I wonder if we need a new label.
Among the many interesting observations in recent posts here, there have been mentions of whether and how big-data style approaches could be applied in language documentation: those mentions include machine learning, NLP, computational linguistics, and so forth.
I’m all for the exploration and application of techniques of that ilk. But I also find myself thinking about how essentially all of those approaches to working with language really can’t get out of the gate without a sizeable corpus. It would be awesome if there were part-of-speech taggers and speech-to-text and text-to-speech and automated glossing and all that stuff for every language on the planet. But the fact of the matter is that for the vast majority of languages — and certainly for the vast majority of languages that documentary linguists and their colleagues work on — there just isn’t enough data to bootstrap such systems, yet.
Maybe I’m misunderstanding what it takes to get going with numerically-oriented techniques. I know that certain NLP tasks (for instance) can get to high accuracy with a fairly small corpus. (Part-of-speech tagging is often put forth as the symbol of tasks for which high-accuracy is fairly easily attainable.)
But isn’t it an unavoidable fact that we are not beyond simple data entry? Put bluntly, we’re going to have to type. A lot. Even if we have help with glossing — and even if Zipf’s law is on our side, reasonable documentation of a language involves typing thousands and thousands of unique sequences of characters.

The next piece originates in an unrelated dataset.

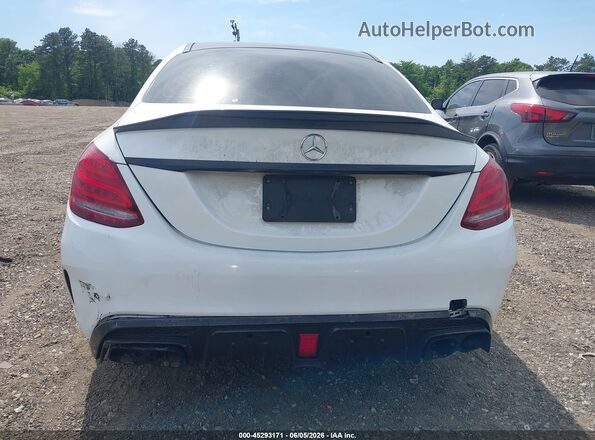 WDDWF4KB4JR396807 2018 MERCEDES-BENZ C-CLASS White 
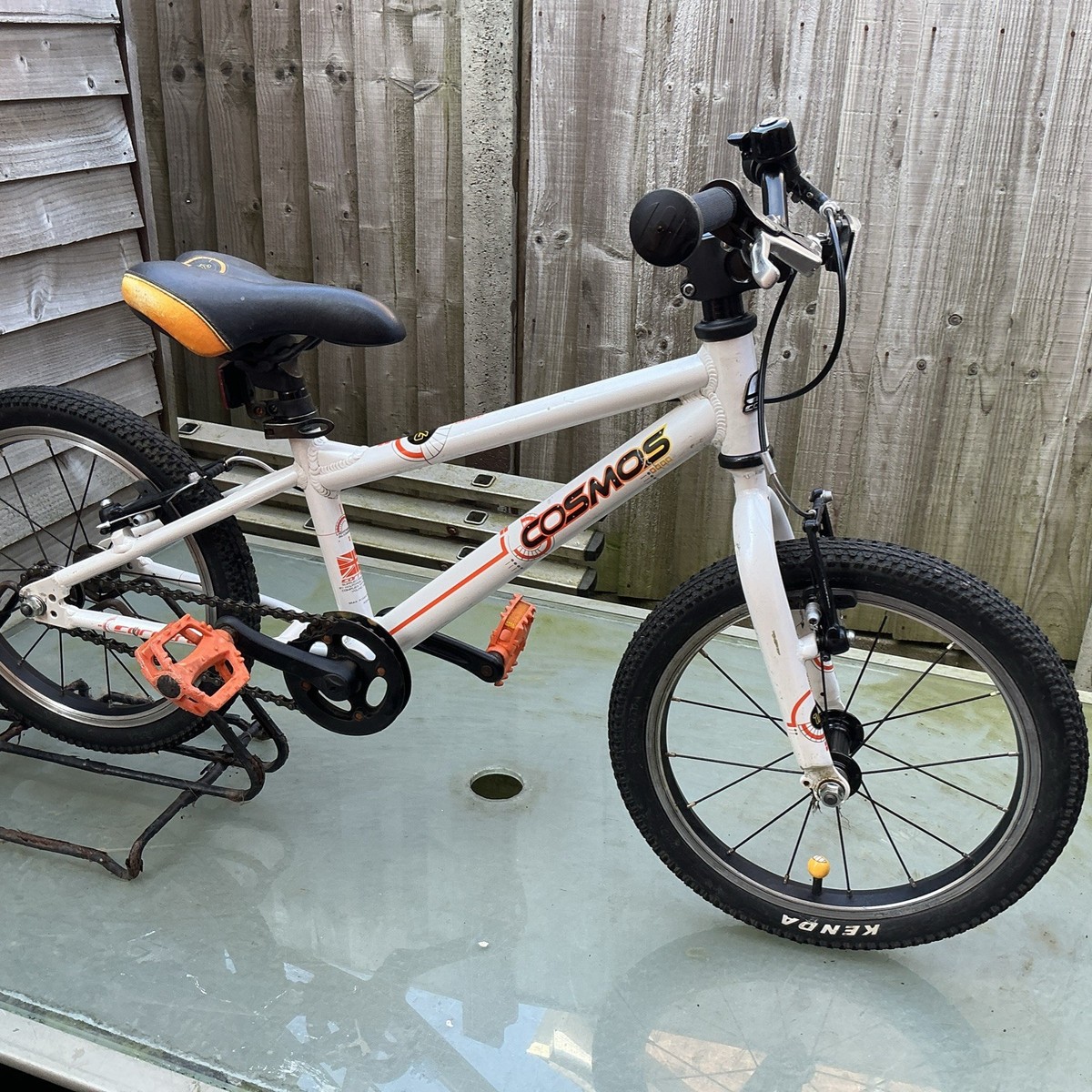 Kids Bikes Carrera White Mountain Bike Used Carrera Luna 20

To my mind, this boils down to the fact that we face, primarily, a user interface problem. How do we make that difficult tasks somewhat less difficult? Well, by thinking in terms of user interfaces. By thinking — a lot — about design. About how linguists actually get their work done. About studying data lifecycles.
But this kind of stuff is traditionally not really in the linguist’s wheelhouse. Ling 101 does not help you learn to decide whether a dropdown or a checkbox is going to work better in your documentary task. And yet, I think, we do need to learn about that. We need to talk and share about how to convert what we do into designing tools to help us do it.
So what is that process called?
“Documentation design”?
“Digital documentation”?
<your suggestion here…>